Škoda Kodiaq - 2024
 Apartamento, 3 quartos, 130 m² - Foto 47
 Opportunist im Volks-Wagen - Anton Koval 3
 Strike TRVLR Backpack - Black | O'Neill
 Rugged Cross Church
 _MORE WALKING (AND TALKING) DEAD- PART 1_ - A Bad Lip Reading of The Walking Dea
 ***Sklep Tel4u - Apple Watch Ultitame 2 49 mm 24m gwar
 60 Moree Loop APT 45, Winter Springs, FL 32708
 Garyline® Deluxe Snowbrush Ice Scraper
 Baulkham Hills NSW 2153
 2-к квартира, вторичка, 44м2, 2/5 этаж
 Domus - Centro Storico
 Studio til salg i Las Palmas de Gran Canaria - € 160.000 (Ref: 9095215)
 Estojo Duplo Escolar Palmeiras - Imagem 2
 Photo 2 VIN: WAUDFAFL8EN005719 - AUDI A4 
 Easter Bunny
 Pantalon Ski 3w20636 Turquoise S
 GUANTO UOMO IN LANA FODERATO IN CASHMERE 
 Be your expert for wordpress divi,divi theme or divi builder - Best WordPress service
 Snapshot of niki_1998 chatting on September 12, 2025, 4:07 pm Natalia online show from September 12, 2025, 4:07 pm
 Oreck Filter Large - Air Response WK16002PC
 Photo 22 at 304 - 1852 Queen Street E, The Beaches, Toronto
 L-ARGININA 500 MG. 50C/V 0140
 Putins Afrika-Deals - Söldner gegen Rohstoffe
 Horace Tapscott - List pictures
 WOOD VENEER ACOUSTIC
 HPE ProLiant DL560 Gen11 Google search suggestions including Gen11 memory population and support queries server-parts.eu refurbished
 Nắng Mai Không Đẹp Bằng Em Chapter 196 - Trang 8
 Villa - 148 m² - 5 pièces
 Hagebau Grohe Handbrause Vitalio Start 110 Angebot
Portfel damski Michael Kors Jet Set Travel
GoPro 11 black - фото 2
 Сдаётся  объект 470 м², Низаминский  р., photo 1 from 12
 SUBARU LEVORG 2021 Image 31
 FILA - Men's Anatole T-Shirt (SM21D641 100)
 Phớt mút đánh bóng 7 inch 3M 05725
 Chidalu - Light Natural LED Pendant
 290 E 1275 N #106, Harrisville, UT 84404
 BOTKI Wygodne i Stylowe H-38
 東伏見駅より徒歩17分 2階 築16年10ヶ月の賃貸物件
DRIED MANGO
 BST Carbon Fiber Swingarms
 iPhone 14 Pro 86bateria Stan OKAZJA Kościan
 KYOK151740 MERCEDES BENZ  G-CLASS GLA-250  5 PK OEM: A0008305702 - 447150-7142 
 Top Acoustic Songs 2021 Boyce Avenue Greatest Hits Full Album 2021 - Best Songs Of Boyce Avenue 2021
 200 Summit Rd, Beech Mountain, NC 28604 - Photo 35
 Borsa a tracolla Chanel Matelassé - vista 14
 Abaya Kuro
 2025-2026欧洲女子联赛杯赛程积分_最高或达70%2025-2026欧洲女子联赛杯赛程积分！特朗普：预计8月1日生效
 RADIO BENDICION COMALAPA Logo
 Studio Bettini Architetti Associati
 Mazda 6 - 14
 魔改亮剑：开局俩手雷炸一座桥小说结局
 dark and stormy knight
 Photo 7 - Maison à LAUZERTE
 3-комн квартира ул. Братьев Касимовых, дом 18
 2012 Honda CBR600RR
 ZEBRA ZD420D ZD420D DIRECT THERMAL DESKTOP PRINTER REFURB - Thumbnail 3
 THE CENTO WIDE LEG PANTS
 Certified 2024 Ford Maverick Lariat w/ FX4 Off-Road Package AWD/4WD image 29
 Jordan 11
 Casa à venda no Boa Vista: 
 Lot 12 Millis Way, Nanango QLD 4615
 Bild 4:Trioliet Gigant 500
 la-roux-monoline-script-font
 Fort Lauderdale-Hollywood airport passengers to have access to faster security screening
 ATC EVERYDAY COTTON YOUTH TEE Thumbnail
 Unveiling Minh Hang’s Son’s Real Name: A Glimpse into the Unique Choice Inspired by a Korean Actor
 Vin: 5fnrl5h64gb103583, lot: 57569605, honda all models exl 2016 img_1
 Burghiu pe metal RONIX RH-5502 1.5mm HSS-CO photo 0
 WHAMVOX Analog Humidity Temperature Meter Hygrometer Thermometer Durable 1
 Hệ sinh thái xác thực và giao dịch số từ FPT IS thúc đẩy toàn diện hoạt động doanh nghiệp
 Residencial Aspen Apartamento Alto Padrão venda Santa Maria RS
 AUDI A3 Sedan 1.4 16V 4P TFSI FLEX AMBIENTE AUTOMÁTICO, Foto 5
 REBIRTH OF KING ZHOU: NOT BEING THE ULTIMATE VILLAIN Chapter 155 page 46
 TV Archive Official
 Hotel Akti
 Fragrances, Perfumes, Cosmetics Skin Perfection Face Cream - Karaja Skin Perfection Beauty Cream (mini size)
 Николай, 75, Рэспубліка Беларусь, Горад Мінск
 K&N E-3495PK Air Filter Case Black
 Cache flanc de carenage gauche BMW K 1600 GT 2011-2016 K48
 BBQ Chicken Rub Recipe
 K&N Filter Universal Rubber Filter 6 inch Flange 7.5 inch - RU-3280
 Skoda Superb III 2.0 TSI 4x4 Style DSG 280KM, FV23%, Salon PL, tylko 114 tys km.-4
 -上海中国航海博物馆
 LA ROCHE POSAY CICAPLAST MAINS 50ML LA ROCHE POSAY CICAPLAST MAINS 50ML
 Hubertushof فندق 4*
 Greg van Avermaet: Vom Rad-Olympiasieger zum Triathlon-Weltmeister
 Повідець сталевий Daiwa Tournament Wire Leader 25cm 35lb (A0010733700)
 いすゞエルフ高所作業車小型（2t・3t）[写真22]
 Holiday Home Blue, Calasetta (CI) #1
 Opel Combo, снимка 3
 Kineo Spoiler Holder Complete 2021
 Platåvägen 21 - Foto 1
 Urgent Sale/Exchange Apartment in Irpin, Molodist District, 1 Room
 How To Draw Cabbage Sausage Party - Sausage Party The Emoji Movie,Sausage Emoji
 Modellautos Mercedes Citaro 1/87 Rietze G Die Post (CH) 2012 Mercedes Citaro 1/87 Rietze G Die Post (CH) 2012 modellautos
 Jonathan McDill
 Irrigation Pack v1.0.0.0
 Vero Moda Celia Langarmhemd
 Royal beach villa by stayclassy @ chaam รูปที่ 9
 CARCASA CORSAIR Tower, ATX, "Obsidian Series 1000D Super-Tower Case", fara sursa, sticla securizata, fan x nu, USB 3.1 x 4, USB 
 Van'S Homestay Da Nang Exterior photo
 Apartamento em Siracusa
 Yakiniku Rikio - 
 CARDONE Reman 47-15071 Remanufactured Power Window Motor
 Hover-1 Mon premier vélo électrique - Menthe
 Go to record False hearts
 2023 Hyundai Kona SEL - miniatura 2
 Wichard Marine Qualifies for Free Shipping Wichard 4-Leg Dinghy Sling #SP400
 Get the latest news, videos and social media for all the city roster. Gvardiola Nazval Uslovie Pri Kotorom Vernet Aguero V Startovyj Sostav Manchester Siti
• • • • •
**What the task requires:** Take each line of the material that contains the word "inch" and list it.

**Result of the task:**
 Phớt mút đánh bóng 7 inch 3M 05725
 K&N Filter Universal Rubber Filter 6 inch Flange 7.5 inch - RU-3280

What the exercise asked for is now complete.